**WHAT TO WORK ON:**
Copy the records that follow exactly, leaving nothing out.

**SUPPLIED MATERIAL:**
Content starts

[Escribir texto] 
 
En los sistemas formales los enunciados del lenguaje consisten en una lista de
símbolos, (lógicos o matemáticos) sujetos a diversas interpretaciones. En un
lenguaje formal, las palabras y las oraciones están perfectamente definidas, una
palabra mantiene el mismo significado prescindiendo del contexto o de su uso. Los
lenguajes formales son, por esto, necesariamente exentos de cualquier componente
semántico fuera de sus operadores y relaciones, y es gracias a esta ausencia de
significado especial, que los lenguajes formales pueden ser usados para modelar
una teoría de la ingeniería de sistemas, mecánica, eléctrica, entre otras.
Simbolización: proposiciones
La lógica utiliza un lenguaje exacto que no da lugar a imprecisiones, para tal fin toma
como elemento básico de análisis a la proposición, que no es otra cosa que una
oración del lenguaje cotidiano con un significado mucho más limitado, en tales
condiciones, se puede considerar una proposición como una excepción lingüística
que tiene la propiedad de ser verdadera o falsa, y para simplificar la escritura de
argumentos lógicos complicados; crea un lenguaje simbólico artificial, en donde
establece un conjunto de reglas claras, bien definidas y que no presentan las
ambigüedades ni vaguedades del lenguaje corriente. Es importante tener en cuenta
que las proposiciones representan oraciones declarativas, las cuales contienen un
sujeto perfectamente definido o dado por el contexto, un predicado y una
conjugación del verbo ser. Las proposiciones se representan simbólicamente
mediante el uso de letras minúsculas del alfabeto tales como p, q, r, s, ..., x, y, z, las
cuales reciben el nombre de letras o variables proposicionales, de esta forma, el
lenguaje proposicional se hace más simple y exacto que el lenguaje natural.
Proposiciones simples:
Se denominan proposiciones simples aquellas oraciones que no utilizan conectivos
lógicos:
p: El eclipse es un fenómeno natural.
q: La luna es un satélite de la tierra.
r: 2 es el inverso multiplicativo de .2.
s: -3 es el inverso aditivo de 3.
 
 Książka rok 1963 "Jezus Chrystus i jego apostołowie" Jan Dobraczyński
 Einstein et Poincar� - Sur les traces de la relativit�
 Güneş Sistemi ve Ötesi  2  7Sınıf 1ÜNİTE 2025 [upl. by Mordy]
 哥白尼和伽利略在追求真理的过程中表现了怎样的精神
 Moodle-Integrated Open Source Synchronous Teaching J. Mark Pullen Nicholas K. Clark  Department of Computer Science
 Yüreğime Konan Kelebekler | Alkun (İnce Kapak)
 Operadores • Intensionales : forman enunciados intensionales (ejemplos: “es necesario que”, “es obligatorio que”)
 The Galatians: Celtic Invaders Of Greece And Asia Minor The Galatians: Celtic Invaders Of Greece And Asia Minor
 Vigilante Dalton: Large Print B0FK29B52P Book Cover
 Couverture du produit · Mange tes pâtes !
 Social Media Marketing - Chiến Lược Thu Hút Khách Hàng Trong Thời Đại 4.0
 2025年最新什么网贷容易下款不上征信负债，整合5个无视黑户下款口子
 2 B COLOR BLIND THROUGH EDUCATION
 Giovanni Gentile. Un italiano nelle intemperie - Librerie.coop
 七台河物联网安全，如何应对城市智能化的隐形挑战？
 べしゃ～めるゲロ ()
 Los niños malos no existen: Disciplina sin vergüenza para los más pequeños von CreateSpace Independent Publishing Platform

Content ends

**RESPONSE TO THE TASK:**
[Escribir texto] 
 
En los sistemas formales los enunciados del lenguaje consisten en una lista de
símbolos, (lógicos o matemáticos) sujetos a diversas interpretaciones. En un
lenguaje formal, las palabras y las oraciones están perfectamente definidas, una
palabra mantiene el mismo significado prescindiendo del contexto o de su uso. Los
lenguajes formales son, por esto, necesariamente exentos de cualquier componente
semántico fuera de sus operadores y relaciones, y es gracias a esta ausencia de
significado especial, que los lenguajes formales pueden ser usados para modelar
una teoría de la ingeniería de sistemas, mecánica, eléctrica, entre otras.
Simbolización: proposiciones
La lógica utiliza un lenguaje exacto que no da lugar a imprecisiones, para tal fin toma
como elemento básico de análisis a la proposición, que no es otra cosa que una
oración del lenguaje cotidiano con un significado mucho más limitado, en tales
condiciones, se puede considerar una proposición como una excepción lingüística
que tiene la propiedad de ser verdadera o falsa, y para simplificar la escritura de
argumentos lógicos complicados; crea un lenguaje simbólico artificial, en donde
establece un conjunto de reglas claras, bien definidas y que no presentan las
ambigüedades ni vaguedades del lenguaje corriente. Es importante tener en cuenta
que las proposiciones representan oraciones declarativas, las cuales contienen un
sujeto perfectamente definido o dado por el contexto, un predicado y una
conjugación del verbo ser. Las proposiciones se representan simbólicamente
mediante el uso de letras minúsculas del alfabeto tales como p, q, r, s, ..., x, y, z, las
cuales reciben el nombre de letras o variables proposicionales, de esta forma, el
lenguaje proposicional se hace más simple y exacto que el lenguaje natural.
Proposiciones simples:
Se denominan proposiciones simples aquellas oraciones que no utilizan conectivos
lógicos:
p: El eclipse es un fenómeno natural.
q: La luna es un satélite de la tierra.
r: 2 es el inverso multiplicativo de .2.
s: -3 es el inverso aditivo de 3.
 
 Książka rok 1963 "Jezus Chrystus i jego apostołowie" Jan Dobraczyński
 Einstein et Poincar� - Sur les traces de la relativit�
 Güneş Sistemi ve Ötesi  2  7Sınıf 1ÜNİTE 2025 [upl. by Mordy]
 哥白尼和伽利略在追求真理的过程中表现了怎样的精神
 Moodle-Integrated Open Source Synchronous Teaching J. Mark Pullen Nicholas K. Clark  Department of Computer Science
 Yüreğime Konan Kelebekler | Alkun (İnce Kapak)
 Operadores • Intensionales : forman enunciados intensionales (ejemplos: “es necesario que”, “es obligatorio que”)
 The Galatians: Celtic Invaders Of Greece And Asia Minor The Galatians: Celtic Invaders Of Greece And Asia Minor
 Vigilante Dalton: Large Print B0FK29B52P Book Cover
 Couverture du produit · Mange tes pâtes !
 Social Media Marketing - Chiến Lược Thu Hút Khách Hàng Trong Thời Đại 4.0
 2025年最新什么网贷容易下款不上征信负债，整合5个无视黑户下款口子
 2 B COLOR BLIND THROUGH EDUCATION
 Giovanni Gentile. Un italiano nelle intemperie - Librerie.coop
 七台河物联网安全，如何应对城市智能化的隐形挑战？
 べしゃ～めるゲロ ()
 Los niños malos no existen: Disciplina sin vergüenza para los más pequeños von CreateSpace Independent Publishing Platform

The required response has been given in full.